Designation generally allows hiking, hunting, fishing and current oil and mining, but bans new activity.
Under the Antiquities Act of 1906 the President has the right to protect public land and resources by designating national monuments for management by agencies such as the National Park Service, the Bureau of Land Management and the U.S. Forest Service.
Congress can also designate monuments.
The declarations in Nevada had strong backing from conservation advocates and former Democratic U.S. Sen. Harry Reid as protection for historic, cultural and natural resources.
But Republican leaders and opponents of federal control of land in the American West complain the moves close vast areas to new energy development.
In Utah, a Republican congressional delegation failed to block the Bears Ears designation with a bid to prevent the president from naming monuments in seven Utah counties.
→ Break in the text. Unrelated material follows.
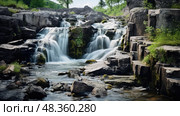 plunge stream water rocks ai generated. Стоковое AI-изображение, AI-художник Vectorwin / Фотобанк Лори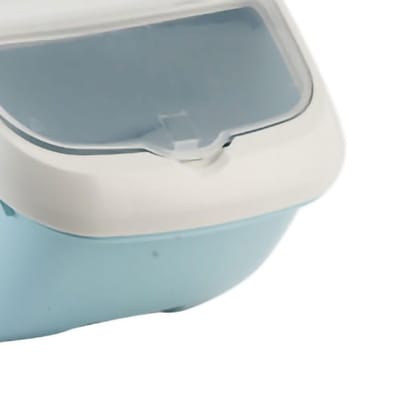 Graanopslagvat Multifunctioneel Grote Capaciteit Huisdierenvoedsel Opbergcontainer voor Rijstmeel Graan Huisdierenvoedsel Blauw white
Their plan would have required any new monument to be approved by Congress — like the Heller-Amodei proposal.
Utah’s congressional delegation also tried several times without success to insert similar restrictions into various legislation last year.
The Reno Gazette-Journal reported that Heller and Amodei are the only two of the state’s six Nevada federal representatives who opposed Obama’s Gold Butte designation.
Reid and Rep. Dina Titus, D-Nev., endorsed it, and Rep. Ruben Kihuen, D-Nev., and Rep. Jacky Rosen, D-Nev., who were elected Nov. 8, each expressed their support. Kihuen and Rosen replaced GOP representatives who opposed Gold Butte and Basin and Range.
Heller, now the senior senator from Nevada, said Nevadans had no say in the matter before Obama locked hundreds of thousands of acres under federal control.
“No matter which political party is occupying the White House, these types of unilateral federal land grabs by the executive branch should not be allowed,” he said.
Amodei said the joint proposal for Congress to approve national monuments calls for “a public and transparent process which includes input from interest groups, local communities and elected representatives.”
Under the Nevada Land Sovereignty Act by Amodei and Heller, Nevada would join Wyoming as states where such a designation would require support from Congress, where it is generally more difficult to get a monument designation.
David von Seggern, Reno-based chairman of the Toiyabe Chapter of the Sierra Club, told the Gazette-Journal the group would oppose eliminating the opportunity for presidents to designate monuments in Nevada.
“We think this is wonderful part of preserving the natural heritage of America and it ought to continue,” von Seggern said.